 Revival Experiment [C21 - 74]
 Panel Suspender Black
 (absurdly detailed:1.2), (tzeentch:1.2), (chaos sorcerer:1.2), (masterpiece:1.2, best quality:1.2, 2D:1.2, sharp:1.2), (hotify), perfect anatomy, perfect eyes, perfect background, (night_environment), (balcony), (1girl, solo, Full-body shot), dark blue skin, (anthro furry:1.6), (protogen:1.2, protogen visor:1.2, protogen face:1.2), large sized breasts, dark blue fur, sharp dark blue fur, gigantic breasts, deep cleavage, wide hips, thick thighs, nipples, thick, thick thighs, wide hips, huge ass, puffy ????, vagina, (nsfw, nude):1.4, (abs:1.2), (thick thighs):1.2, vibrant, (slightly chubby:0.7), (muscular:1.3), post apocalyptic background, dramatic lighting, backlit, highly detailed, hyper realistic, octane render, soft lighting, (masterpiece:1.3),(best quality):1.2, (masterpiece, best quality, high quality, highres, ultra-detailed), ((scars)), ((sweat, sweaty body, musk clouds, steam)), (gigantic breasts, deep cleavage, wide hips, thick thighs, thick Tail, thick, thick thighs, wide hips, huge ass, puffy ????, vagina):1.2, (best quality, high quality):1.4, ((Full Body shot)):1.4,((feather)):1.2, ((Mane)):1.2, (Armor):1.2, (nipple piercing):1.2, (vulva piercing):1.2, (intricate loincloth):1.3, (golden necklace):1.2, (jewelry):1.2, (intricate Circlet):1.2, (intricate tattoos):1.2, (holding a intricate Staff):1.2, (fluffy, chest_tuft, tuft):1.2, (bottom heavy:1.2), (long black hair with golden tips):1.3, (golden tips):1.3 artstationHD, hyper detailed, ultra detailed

- _What the task requires_: Go through the data and retype all of it exactly.

- _Answer to this task_:
 Revival Experiment [C21 - 74]
 Panel Suspender Black
 (absurdly detailed:1.2), (tzeentch:1.2), (chaos sorcerer:1.2), (masterpiece:1.2, best quality:1.2, 2D:1.2, sharp:1.2), (hotify), perfect anatomy, perfect eyes, perfect background, (night_environment), (balcony), (1girl, solo, Full-body shot), dark blue skin, (anthro furry:1.6), (protogen:1.2, protogen visor:1.2, protogen face:1.2), large sized breasts, dark blue fur, sharp dark blue fur, gigantic breasts, deep cleavage, wide hips, thick thighs, nipples, thick, thick thighs, wide hips, huge ass, puffy ????, vagina, (nsfw, nude):1.4, (abs:1.2), (thick thighs):1.2, vibrant, (slightly chubby:0.7), (muscular:1.3), post apocalyptic background, dramatic lighting, backlit, highly detailed, hyper realistic, octane render, soft lighting, (masterpiece:1.3),(best quality):1.2, (masterpiece, best quality, high quality, highres, ultra-detailed), ((scars)), ((sweat, sweaty body, musk clouds, steam)), (gigantic breasts, deep cleavage, wide hips, thick thighs, thick Tail, thick, thick thighs, wide hips, huge ass, puffy ????, vagina):1.2, (best quality, high quality):1.4, ((Full Body shot)):1.4,((feather)):1.2, ((Mane)):1.2, (Armor):1.2, (nipple piercing):1.2, (vulva piercing):1.2, (intricate loincloth):1.3, (golden necklace):1.2, (jewelry):1.2, (intricate Circlet):1.2, (intricate tattoos):1.2, (holding a intricate Staff):1.2, (fluffy, chest_tuft, tuft):1.2, (bottom heavy:1.2), (long black hair with golden tips):1.3, (golden tips):1.3 artstationHD, hyper detailed, ultra detailed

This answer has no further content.